O ministro da Previdência Social, Wolney Queiroz, afirmou nesta quarta-feira (20) que o estoque de requerimentos do Instituto Nacional do Seguro Social (INSS) caiu de 3,1 milhões em fevereiro para 2,3 milhões no momento. Segundo ele, somente em maio a redução pode chegar a 300 mil benefícios pendentes, aproximando o governo da meta de zerar a fila ainda neste ano, promessa feita pelo presidente Luiz Inácio Lula da Silva (PT) durante a campanha de 2022.
Troca de comando e nova orientação
A queda coincide com a substituição do então presidente do INSS, Gilberto Waller, pela servidora de carreira Ana Cristina Viana Silveira, há pouco mais de um mês. Waller saiu sob a acusação de não avançar no enfrentamento da fila, embora seja creditado internamente por ter contido o impacto do escândalo de cobranças irregulares estimadas em R$ 6,3 bilhões de aposentados e pensionistas.

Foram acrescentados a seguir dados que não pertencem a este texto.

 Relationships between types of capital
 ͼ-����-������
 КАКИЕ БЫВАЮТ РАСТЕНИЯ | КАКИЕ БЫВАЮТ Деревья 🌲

Entre as ações para acelerar as análises, Queiroz destacou a Instrução Normativa PRES/INSS nº 203, publicada em abril, que proíbe abrir novo pedido de benefício quando já existe processo idêntico em andamento, inclusive em fase de recurso.
Perícias médicas mais rápidas
O ministro informou que a fila para perícia médica presencial recuou de 1,1 milhão de pessoas em janeiro para 771 mil em abril, queda de 30,85%. No mês passado, o INSS realizou 511 mil perícias presenciais e concluiu 473 mil análises documentais enviadas digitalmente pelos segurados.
Queiroz negou risco de aumento de fraudes com a intensificação dos exames à distância. “As reclamações que recebemos são justamente sobre o rigor das perícias”, declarou.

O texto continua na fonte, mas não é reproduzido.